Novel mechanism of inhibition by the P2 receptor antagonist PPADS of ATP-activated current in dorsal root ganglion neurons.

Abstract

The antagonist pyridoxal-phosphate-6-azophenyl-2',4'-disulfonic acid (PPADS) has been proposed to selectively antagonize the actions of ATP at P2X receptors. Whole cell patch-clamp recording techniques therefore were used to characterize PPADS inhibition of ATP-activated current in bullfrog dorsal root ganglion (DRG) neurons. PPADS, 0.5-10 microM, inhibited ATP-activated current in a concentration-dependent manner with an IC(50) of 2.5 +/- 0.03 microM. PPADS produced a gradual decline of ATP-activated current to a steady state, but this was not an indication of use dependence as the gradual declining component could be eliminated by exposure to PPADS before ATP application. In addition, ATP-activated current recovered completely from inhibition by PPADS in the absence of agonist. The slow onset of inhibition by PPADS was not apparently due to an action at an intracellular site as inclusion of 10 microM PPADS in the recording pipette neither affected the ATP response nor did it alter inhibition of the ATP response when 2.5 microM PPADS was applied externally. PPADS, 2.5 microM, decreased the maximal response to ATP by 51% without changing its EC(50). PPADS inhibition of ATP-activated current was independent of membrane potential between -80 and +40 mV and did not involve a shift in the reversal potential of the current.
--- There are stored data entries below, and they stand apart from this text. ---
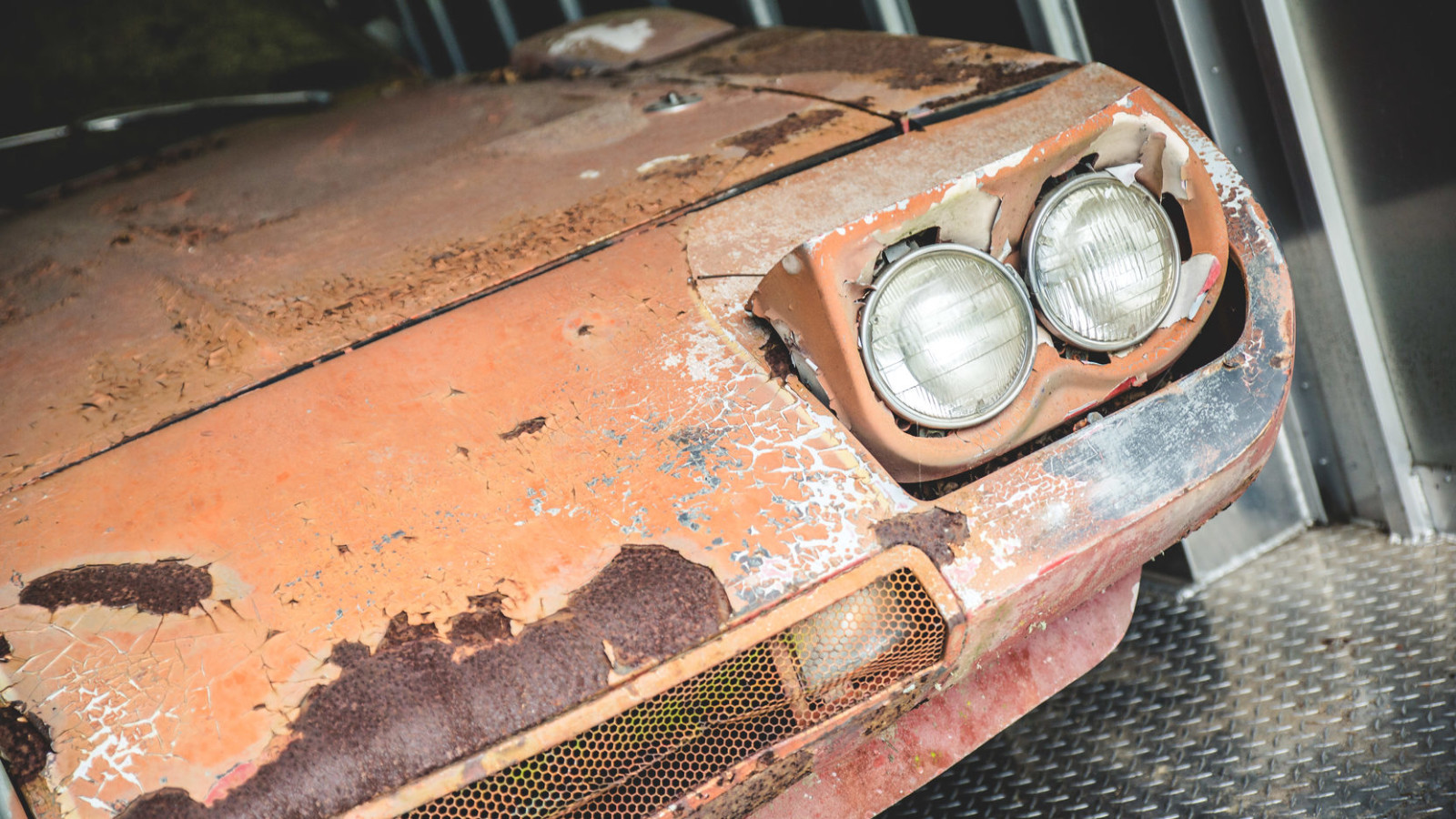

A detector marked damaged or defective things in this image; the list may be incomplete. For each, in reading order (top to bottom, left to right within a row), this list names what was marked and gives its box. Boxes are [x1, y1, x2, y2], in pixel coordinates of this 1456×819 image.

rusted sheet metal [515, 8, 739, 77]
rusted sheet metal [655, 28, 1077, 120]
rust patch [681, 29, 1071, 92]
rust patch [724, 109, 850, 157]
rusted sheet metal [0, 73, 885, 490]
rusted sheet metal [739, 86, 1228, 480]
rust patch [498, 413, 547, 440]
rusted sheet metal [0, 221, 903, 810]
rust patch [874, 507, 966, 565]
rust patch [18, 559, 212, 612]
rust patch [116, 541, 728, 815]
rusted sheet metal [751, 568, 1147, 815]
rust patch [0, 699, 52, 781]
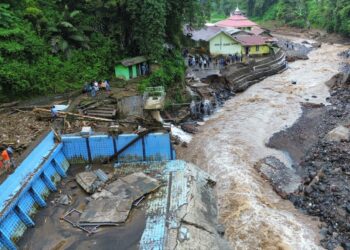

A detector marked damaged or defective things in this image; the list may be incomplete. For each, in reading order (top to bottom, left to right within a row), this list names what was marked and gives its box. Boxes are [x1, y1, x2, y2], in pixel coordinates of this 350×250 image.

damaged structure [0, 130, 227, 249]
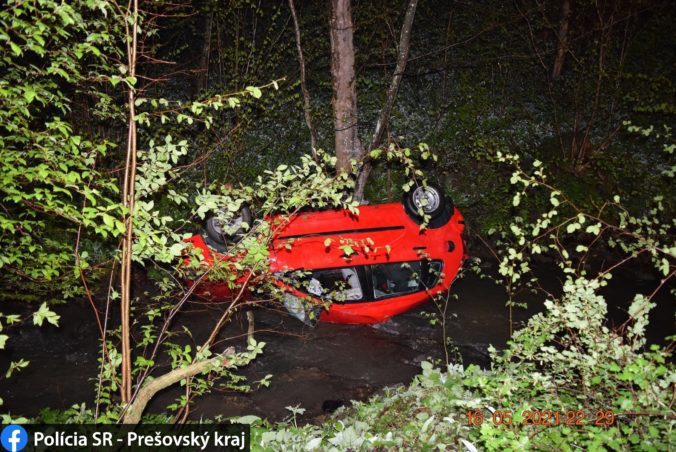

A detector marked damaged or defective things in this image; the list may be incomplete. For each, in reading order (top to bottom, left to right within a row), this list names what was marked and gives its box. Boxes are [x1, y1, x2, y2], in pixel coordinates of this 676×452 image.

overturned red car [187, 185, 468, 324]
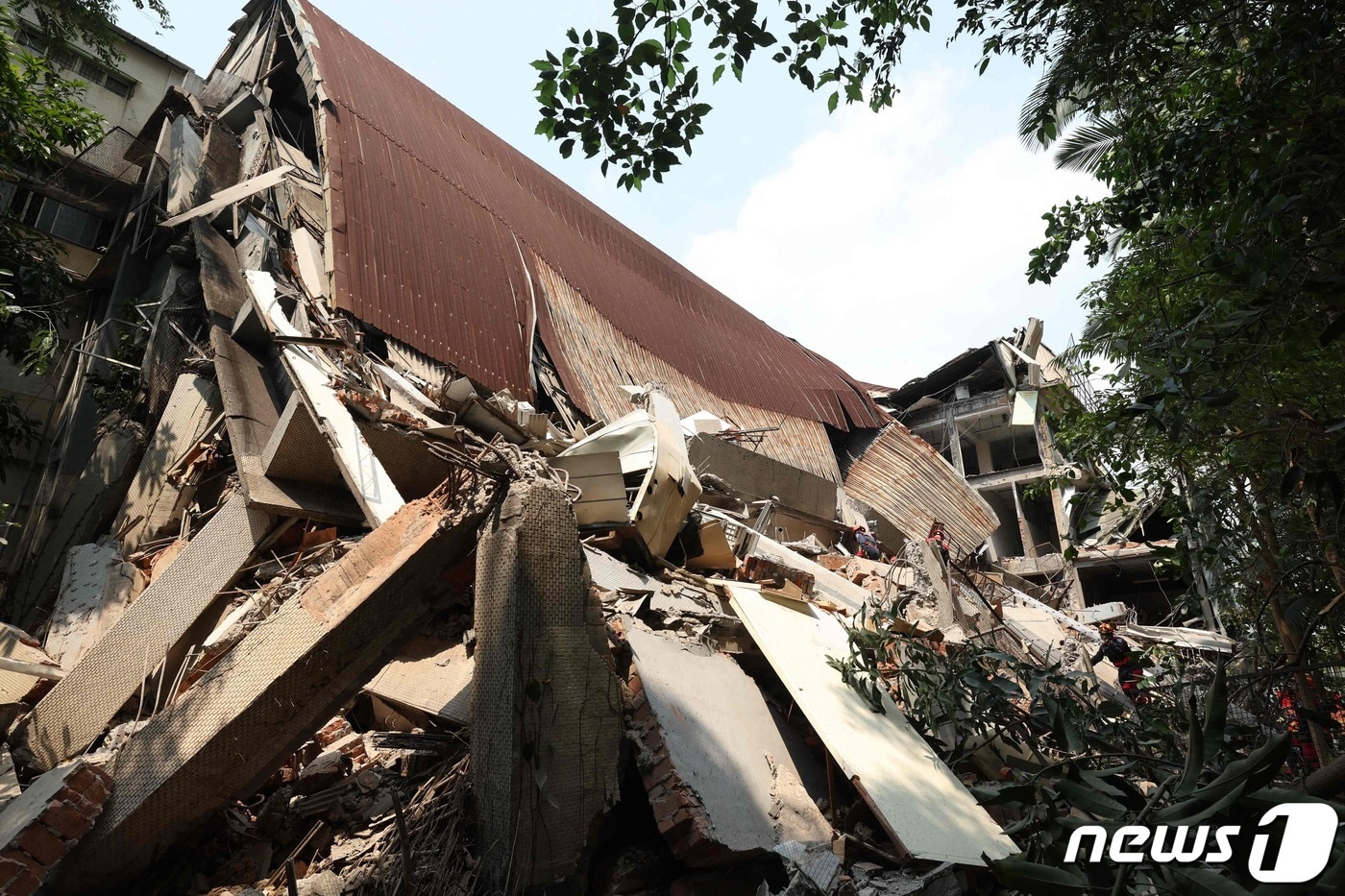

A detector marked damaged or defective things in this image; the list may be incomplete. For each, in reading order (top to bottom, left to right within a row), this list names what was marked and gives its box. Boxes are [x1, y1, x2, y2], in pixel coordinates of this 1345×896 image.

broken wall panel [112, 373, 221, 553]
broken wall panel [842, 423, 999, 549]
broken wall panel [14, 492, 273, 772]
broken wall panel [54, 478, 500, 891]
broken wall panel [471, 478, 623, 891]
broken wall panel [726, 580, 1022, 868]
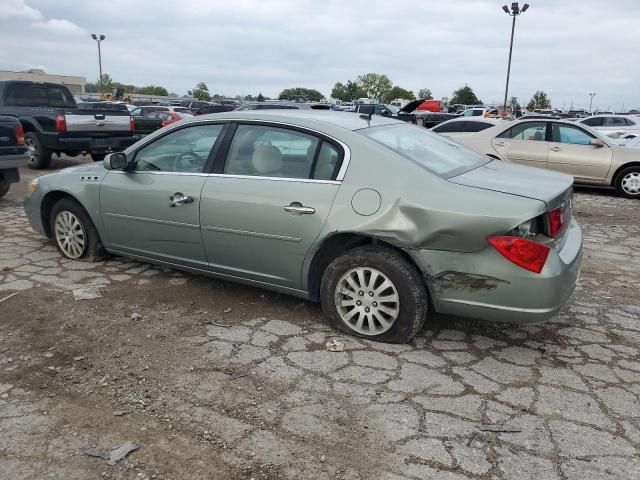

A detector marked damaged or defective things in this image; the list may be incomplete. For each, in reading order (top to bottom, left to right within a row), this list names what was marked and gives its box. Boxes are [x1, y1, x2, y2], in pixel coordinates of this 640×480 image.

cracked concrete pavement [1, 159, 640, 478]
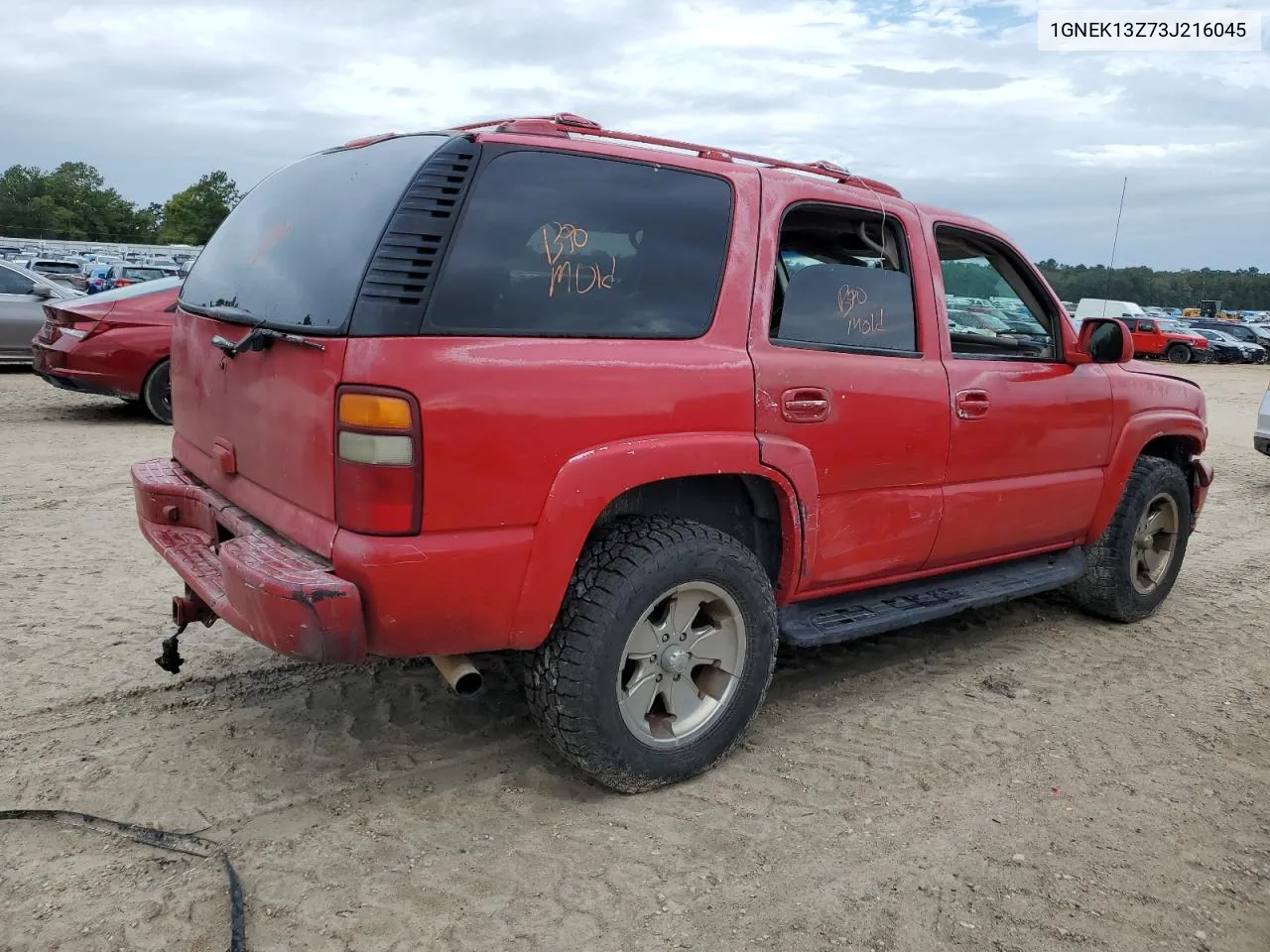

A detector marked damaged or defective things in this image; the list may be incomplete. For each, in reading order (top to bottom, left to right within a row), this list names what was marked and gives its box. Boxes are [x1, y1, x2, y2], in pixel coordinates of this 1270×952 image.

damaged rear bumper [131, 458, 365, 658]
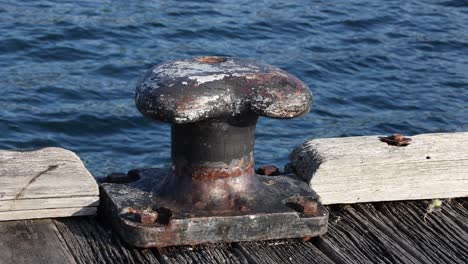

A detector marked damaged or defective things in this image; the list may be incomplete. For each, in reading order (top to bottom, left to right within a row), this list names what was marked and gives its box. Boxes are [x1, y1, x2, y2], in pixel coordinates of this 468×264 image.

corroded metal surface [133, 56, 312, 124]
splintered wood [0, 147, 98, 222]
rusty bollard [100, 56, 330, 249]
rusty bolt [133, 57, 312, 206]
splintered wood [288, 132, 468, 204]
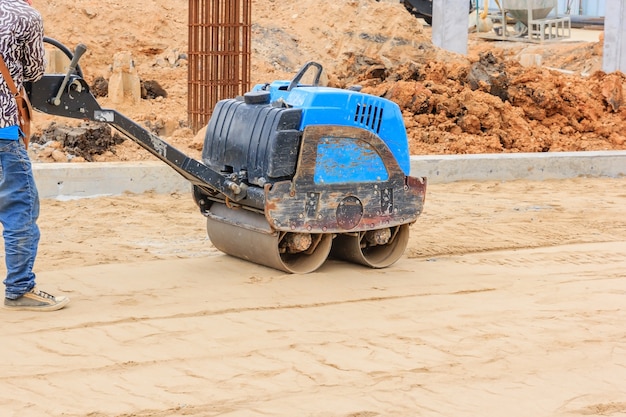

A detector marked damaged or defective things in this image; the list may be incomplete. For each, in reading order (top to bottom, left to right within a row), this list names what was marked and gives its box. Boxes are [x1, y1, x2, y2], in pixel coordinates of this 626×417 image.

rusty metal frame [186, 0, 250, 132]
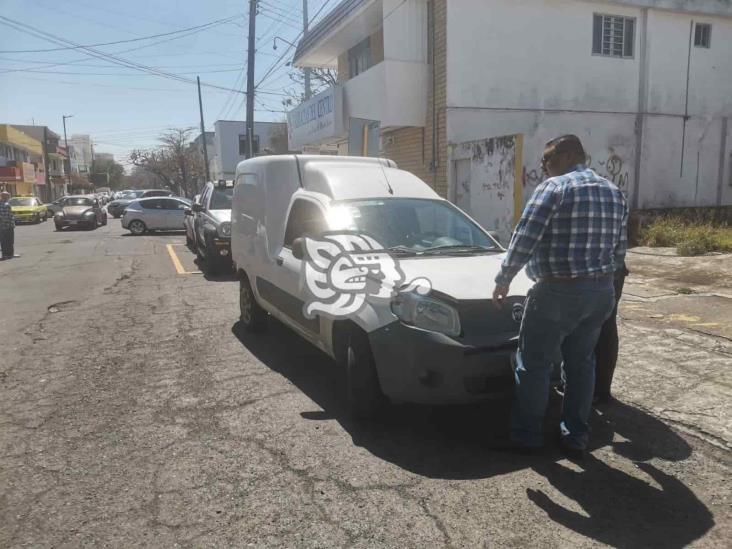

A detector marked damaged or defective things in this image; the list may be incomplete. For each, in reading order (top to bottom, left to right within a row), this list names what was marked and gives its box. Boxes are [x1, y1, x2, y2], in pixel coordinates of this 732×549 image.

cracked pavement [0, 220, 728, 544]
van's damaged front bumper [368, 322, 516, 402]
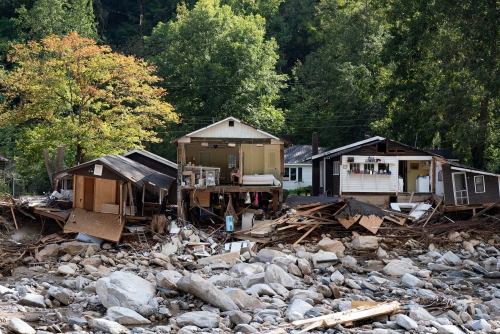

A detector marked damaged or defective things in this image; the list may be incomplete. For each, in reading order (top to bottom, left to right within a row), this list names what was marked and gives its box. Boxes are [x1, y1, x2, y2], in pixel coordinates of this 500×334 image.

damaged house [172, 117, 292, 222]
broken siding panel [340, 157, 398, 193]
damaged house [52, 154, 176, 243]
splintered board [64, 207, 124, 241]
splintered board [336, 214, 360, 230]
splintered board [360, 214, 382, 235]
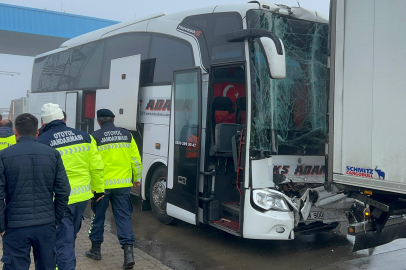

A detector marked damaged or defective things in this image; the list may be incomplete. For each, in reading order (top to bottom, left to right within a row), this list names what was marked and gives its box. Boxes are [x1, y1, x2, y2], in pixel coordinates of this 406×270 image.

shattered windshield [247, 10, 330, 155]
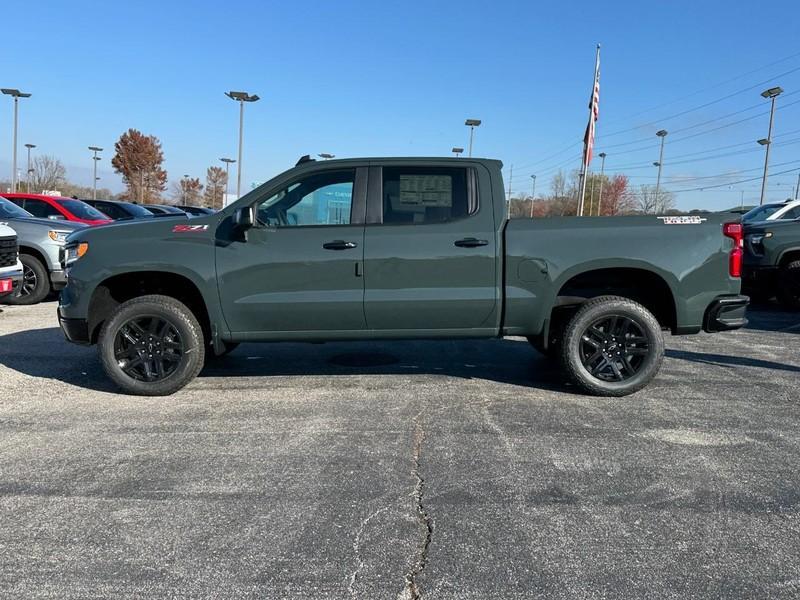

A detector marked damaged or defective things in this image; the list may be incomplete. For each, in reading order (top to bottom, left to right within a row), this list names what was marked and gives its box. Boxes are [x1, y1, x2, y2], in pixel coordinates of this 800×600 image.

crack in asphalt [346, 506, 390, 600]
crack in asphalt [396, 412, 434, 600]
The magnitude of PPADS inhibition of ATP-activated current was dependent on the duration of the prior exposure to PPADS. The time constants of both onset and offset of PPADS inhibition of ATP-activated current did not differ significantly with changes in ATP concentration from 1 to 5 microM. Recovery of ATP-activated current from PPADS inhibition also exhibited a slow phase that was not accelerated by the presence of agonist and was dependent on the concentration of PPADS. The apparent dissociation rate of PPADS from unliganded ATP-gated ion channels was much greater than the rate of the slow phase of recovery of ATP-activated current from PPADS inhibition. The results suggest that PPADS can inhibit P2X receptor function in a complex noncompetitive manner. PPADS produces a long-lasting inhibition that does not appear to result from open channel block but rather from an action at an allosteric site apparently accessible from the extracellular environment that involves a greatly reduced rate of dissociation from liganded versus unliganded ATP-gated ion channels.